A sua monografia participa daquele grupo; é essencialmente um repositório de notícias do passado de Celorico, sem esquecer os acontecimentos da história geral portuguesa que se enlaçam com a localidade, e dos elementos que atualmente singularizam o concelho, desde a organização administrativa à descrição das respetivas atividades de toda a ordem. Na messe abundantíssima das notícias que tão diligentemente coligiu e que constituem, por assim dizer, uma enciclopédia celoricense, há dados valiosíssimos para o estudo da história moral, económica e política do nosso País, cujo conhecimento profundo se não pode lograr sem a base sólida e apurada das manifestações locais. É possível, porventura o exame, ainda não tentado, infelizmente, da nossa geografia moral e política, das variações dos costumes e da persistência e vicissitudes das opiniões cívicas, sem o conhecimento prévio e monográfico de cada urbe ou região?             

Sob este ponto de vista, o seu livro ultrapassa, e muito, o âmbito concelhio, não hesitando em lhe vaticinar o préstimo que vai dispensar a eruditos e investigadores.          

A brevidade desta carta não consente a individuação de tais informes; no entanto, permito-me salientar a descrição dos usos e costumes, o elenco do adagiário e a publicação do Senatus Consulto (pág. 77) atribuído ao gracioso autor da Fastigínia, Tomé Pinheiro da Veiga, cujas ironias e chalaças dissimulam o quadro crítico da situação de Portugal dezasseis anos antes do glorioso movimento da Restauração.     

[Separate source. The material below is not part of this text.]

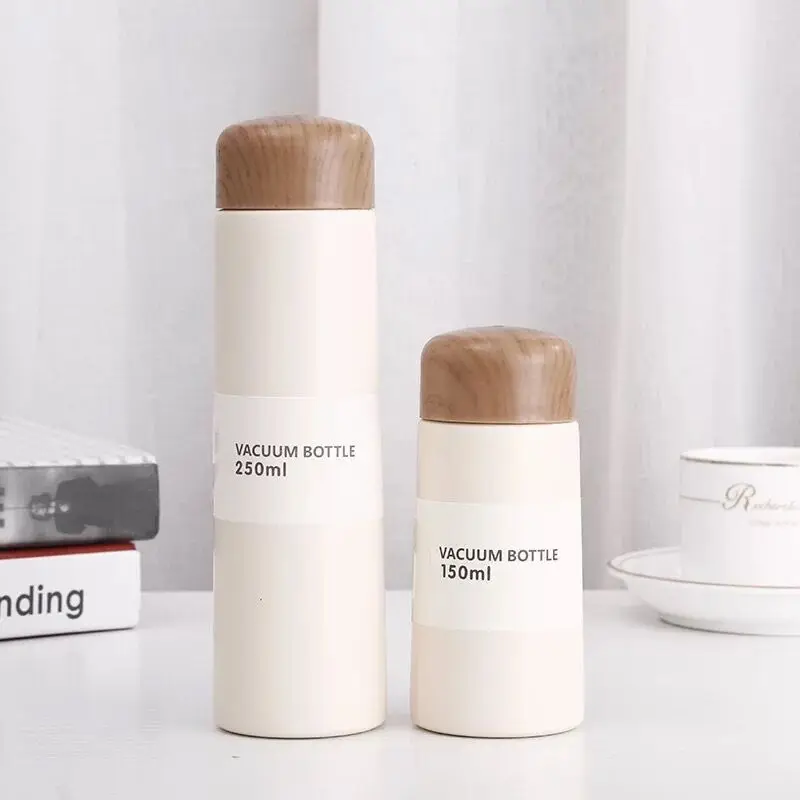 Mini Wooden Lid Car Thermal Coffee Cup Insulated Mugs 304 Vacuum Stainless Steel Drink Bottle with Straw Flasks Cola Bottle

O seu amor à terra-mater não se deteve apenas na contemplação do passado; olha prospectivamente para o futuro, e que mais posso desejar-lhe senão que os seus votos e aspirações, como a fundação do Museu Municipal, se convertam em benéficas realidades?  

Felicitando-o pela admirável lição de amor à terra natal, que perduravelmente brotará das páginas do seu livro, aperta-lhe cordialmente as mãos o seu admirador,             

Joaquim de Carvalho

Figueira da Foz, 10 de Setembro de 1939.